Wahlstrom: A big thing for us on the organizing side for EcoCAR was trying to make sure we had a lot of diverse components available. That’s what drives diversity in the long run. So we went out and got several sponsors, GM being the biggest, obviously, but we also have battery supplier A123 and other companies as competition level sponsors. What we ended up with is seven teams that are utilizing biodiesel, seven that are using E85, two using hydrogen, and one fully functional electric vehicle. We also have a number of extended-range electric vehicle architectures. And we have many that would be classified as plug-in hybrid electric vehicles.
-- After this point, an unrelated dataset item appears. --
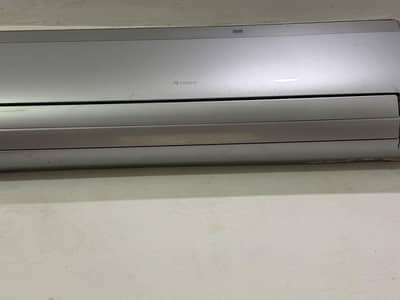 Gree 1.5 Ton Split AC in Good Condition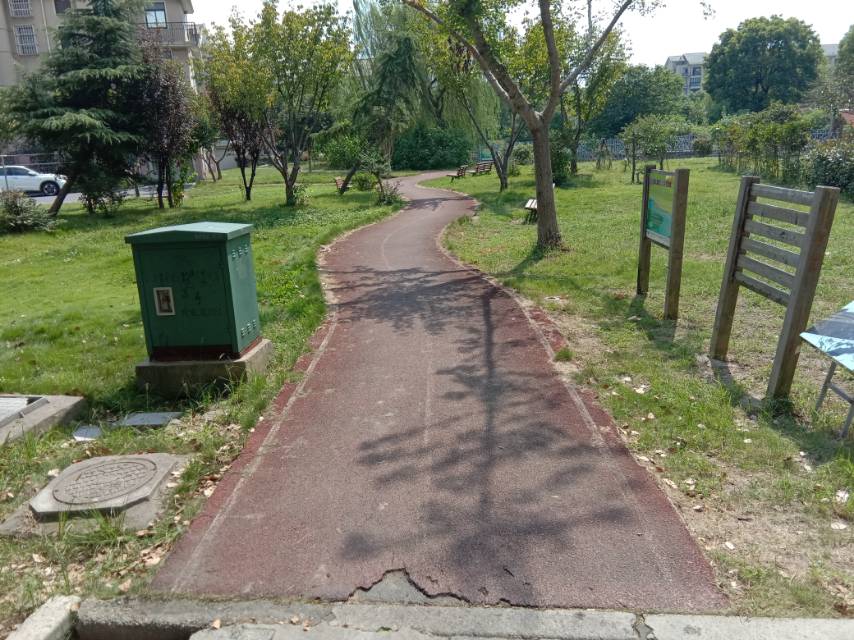 润景苑百姓健身步道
To get more specific, some are utilizing GM’s 2-Mode transmission as a package solution. Some like Rose have gone out and got their own motor sponsors. We cover a wide range, and there are no two approaches that are identical, which is great. We’ve got wide range of fuels and energy carriers and architectures, and we have a lot of electrification, and obviously that’s a big push. In Challenge X we had one plug in hybrid, and now any of the EcoCAR designs will be able to plug into the wall. And through the first year the teams have come up with some pretty intense near OEM-level designs and design reports.

This is 100% about the students. Like Zac said and Paul alluded, we are not out here to change the world with any one vehicle that we are going to build in the competition. The great thing is that we are building the engineers that will build those vehicles in the future.

Chambers: With the restructuring of the Big 3 automotive industry over the last couple of years, the changing landscape is the most transformative we’ve seen in transportation since the turn of the [20th] century, when people first started to figure out what makes a car go-is it going to be electric, is it going to be gas, is going to be a combination of the two? And engineers like Chad are the ones who are going to help us navigate that path.

Wahlstrom: [The EcoCAR teams] will come out of year 3 with a really good understanding of the whole vehicle-development process, and what that creates is an engineer who knows everything from the environmental impacts to the control impacts. I was impressed with [my fellow] challengex students, but already with EcoCAR these guys are just blowing us away. It’s really incredible to see some of the work that they are doing.

Chad, do you have much free time?

Conway: Not much at all. Between classes and dual major, it’s pretty intense. And EcoCAR is another dual major by itself.

Do students earn credit for participating in EcoCAR?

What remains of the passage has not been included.